The press letter that accompanied these CDs note that some have said The Endless Knot sounds like King Crimson without the guitars. I can easily hear where people might say this in reference to the tracks "Klab Cros Templi" and "The Endless Knot", although this is too simplistic a description. "Klab Cros Templi" includes a deep thudding bass that sounds like it's right out of the earliest Bill Laswell Material days, combined with a cacophony of bells and other block-like percussion. Spacey keys provide the drifting melodic atmospherics. Structurally I can see why some think of King Crimson, but I'm even more reminded of the Finnish band Circle that we've so often written about in Aural Innovations. And I dig the howling drones and pounding repetitive grooves around which White subtly develops the music. The title track is where the King Crimson references are strongest. Low drones and flute set a dark ambient tone, but then the song launches into something that sounds remarkably like "Thrak", albeit White's unique take on the Crimson sound. More of that heavy pounding Laswell bass and varied percussion are led by ethnic flutes, spacey ambient waves, and numerous other sounds. An intriguing mixture of King Crimson and Circle with ethnic world influences.

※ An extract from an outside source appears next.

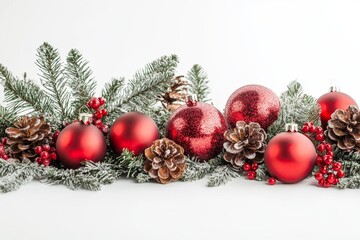Festive Christmas Ornament Arrangement - Red Christmas baubles, pine cones, and frosted pine branches create a festive holiday border against a white background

"Offering" opens with slowly pounding percussion, the scene it creates feeling somewhat tribal, but also dark and foreboding. Waves of murmuring and wailing atmospherics state the main themes, the entire piece functioning as a subtle but interesting blend of ambient and percussion music. "Unlock The World" is an intense percussion symphony, again incorporating ambient elements to give the music a dark atmospheric feel. There are also similarities to "Klab Cros Templi", mostly the repetitive percussion patterns that evolve slowly, and there are also horn sounds near the end that give the music a droney melodic feel.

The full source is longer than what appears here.